**Description of the task:**
Write the records out again exactly as they read, dropping any picture they hold.

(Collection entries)
________________

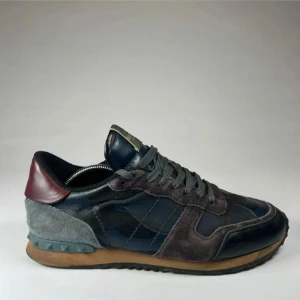 Valentino rockrunners. - Fräscha skor. Sköna och luftiga i bra skick!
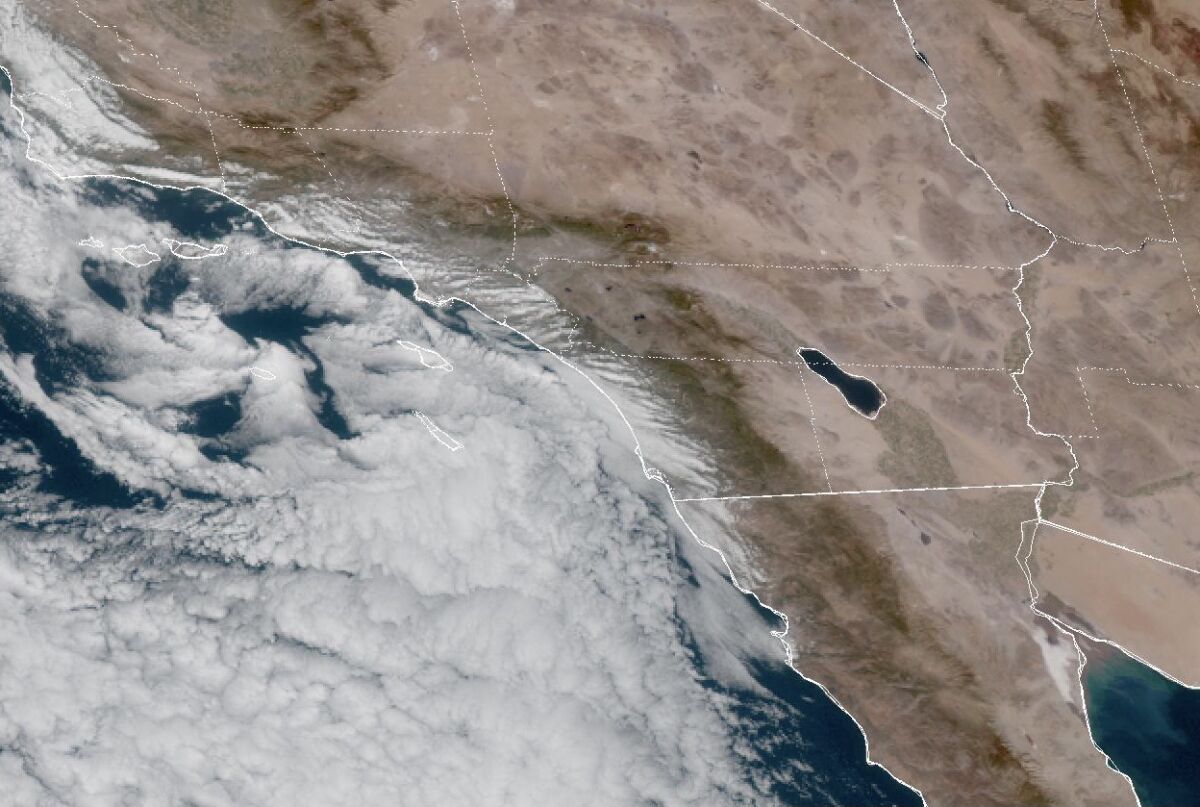 Una tormenta del Pacífico que se desplaza por la costa no llegará a San Diego. 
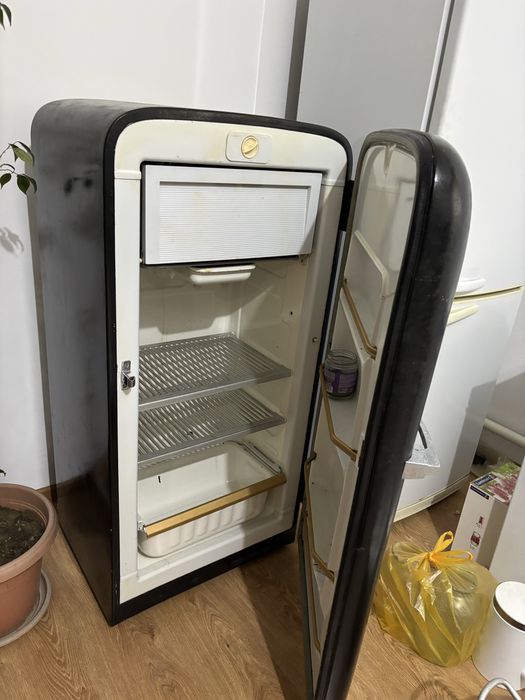 Продам работающий холодильник Орск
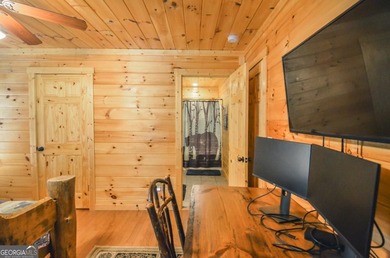 Welcome to your private mountain retreat in the highly - photo 23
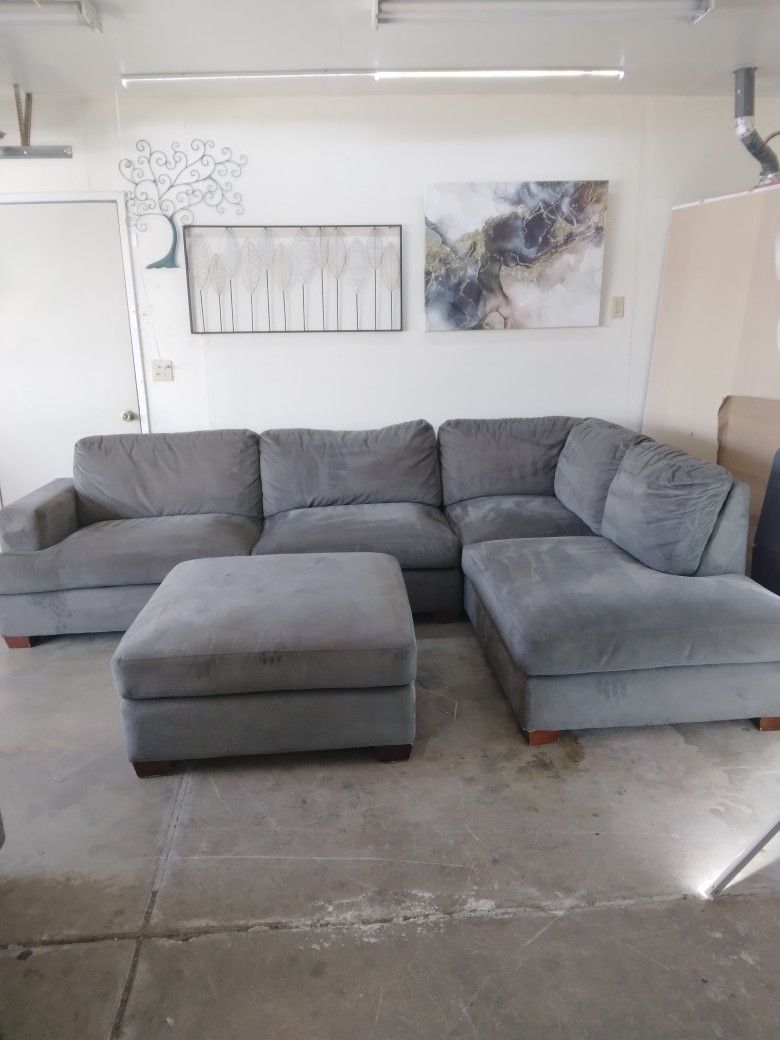 Gray Costco sectional Sofa retails $1700+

________________

**Exercise response:**
 Valentino rockrunners. - Fräscha skor. Sköna och luftiga i bra skick!
 Una tormenta del Pacífico que se desplaza por la costa no llegará a San Diego. 
 Продам работающий холодильник Орск
 Welcome to your private mountain retreat in the highly - photo 23
 Gray Costco sectional Sofa retails $1700+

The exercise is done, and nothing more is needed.